• GOAL OF THE EXERCISE
In the records below, find the line containing "Ford Focus III" and repeat it and every line after it exactly, without pictures.

(Captioned web images)
━━━━━━━━━━━━━━━━━━━━━━━━━━━━━━
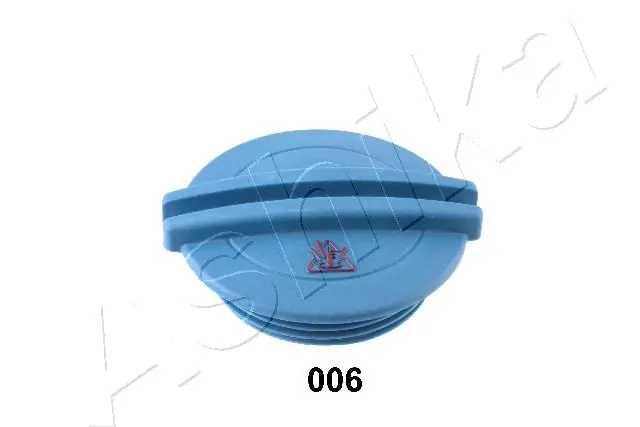 Cap, radiator 33-00-006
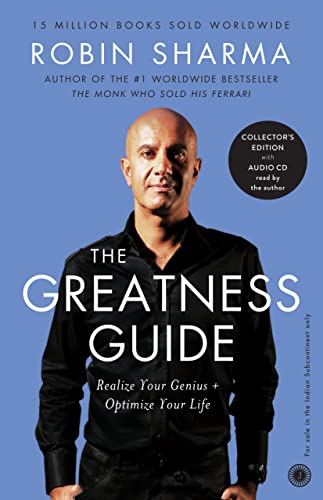 Stock image for The Greatness Guide for sale by medimops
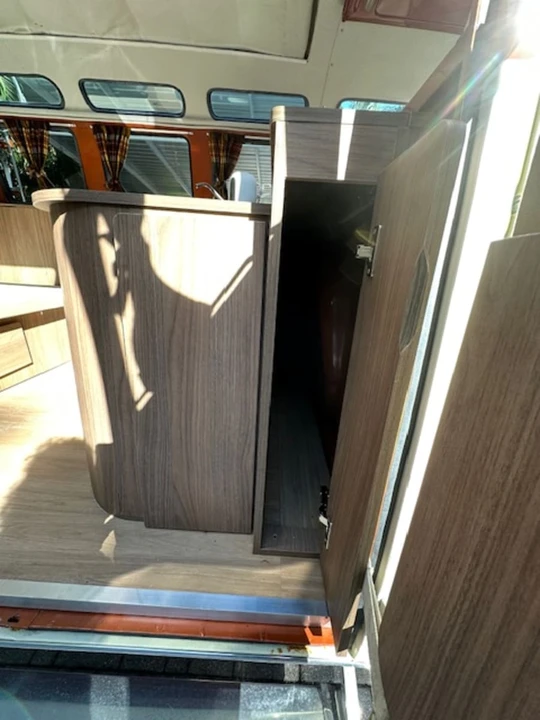 1973 Volkswagen Bay-Window Camper - Image 6 of 14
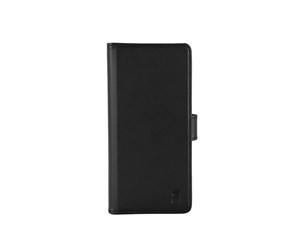 Mobil - Deksel og etui - GEAR Wallet Case Black - Nokia 2.4 - 599843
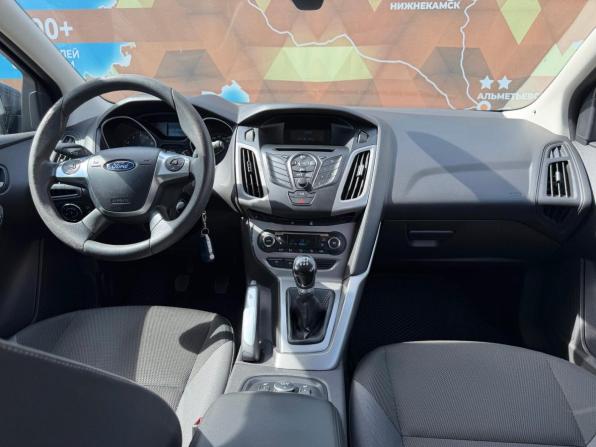 Ford Focus III с пробегом 2013 года, цена 790 000 рублей, 117200 км, хэтчбек, Автокод Объявления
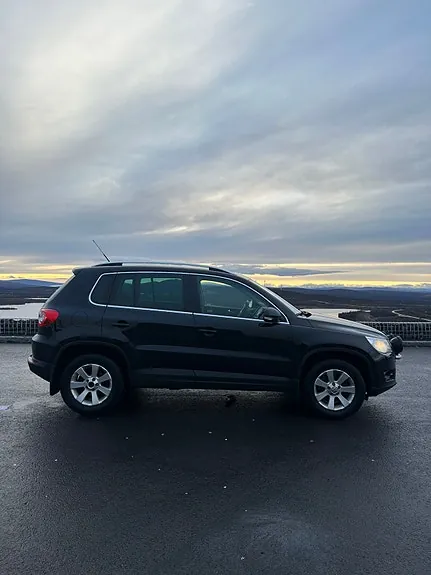 Volkswagen Tiguan 2008 photo 3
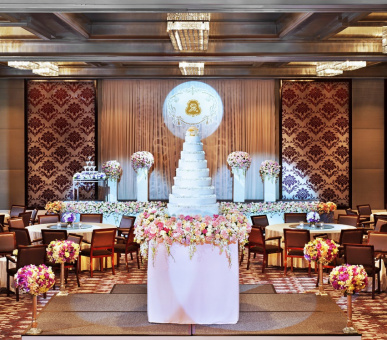Картинка The St. Regis Bangkok (Таиланд, Бангкок) 35 Фото The St. Regis Bangkok (Таиланд, Бангкок) 35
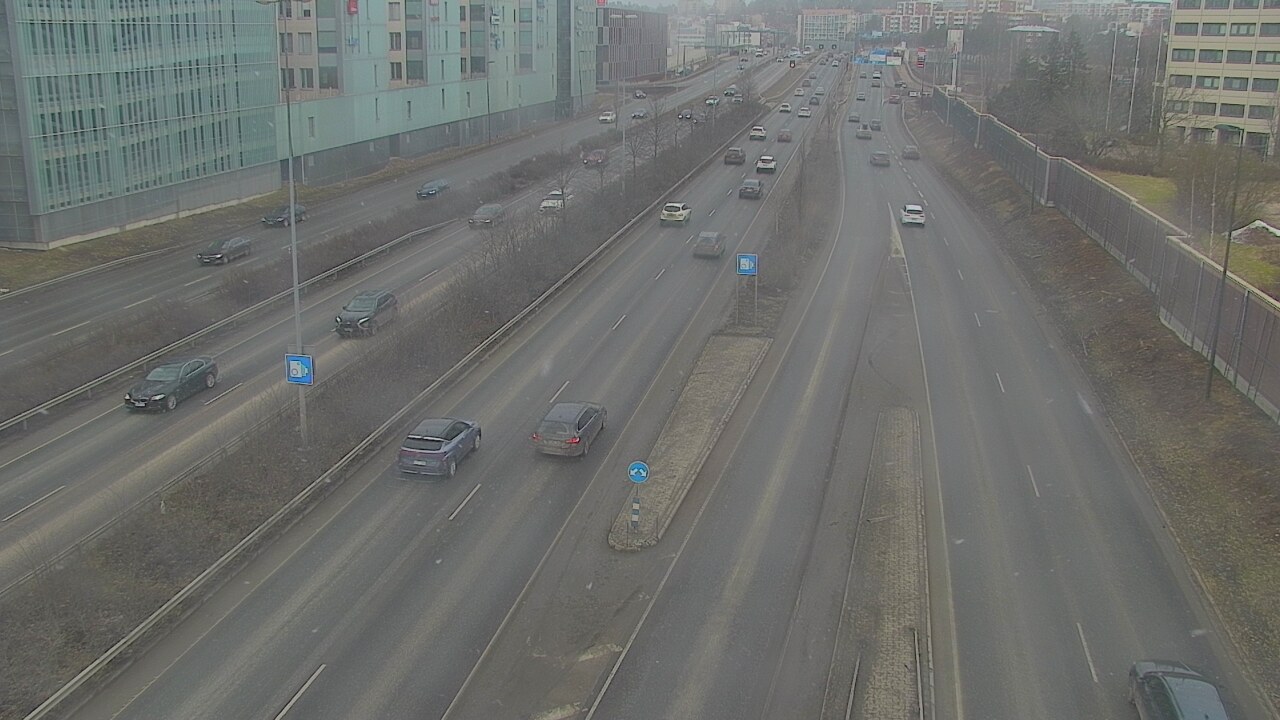 Kelikamerat Kuva Tie 101 Espoo Perkkaa, Espoo, Uusimaa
━━━━━━━━━━━━━━━━━━━━━━━━━━━━━━
• OUTPUT
 Ford Focus III с пробегом 2013 года, цена 790 000 рублей, 117200 км, хэтчбек, Автокод Объявления
 Volkswagen Tiguan 2008 photo 3
Картинка The St. Regis Bangkok (Таиланд, Бангкок) 35 Фото The St. Regis Bangkok (Таиланд, Бангкок) 35
 Kelikamerat Kuva Tie 101 Espoo Perkkaa, Espoo, Uusimaa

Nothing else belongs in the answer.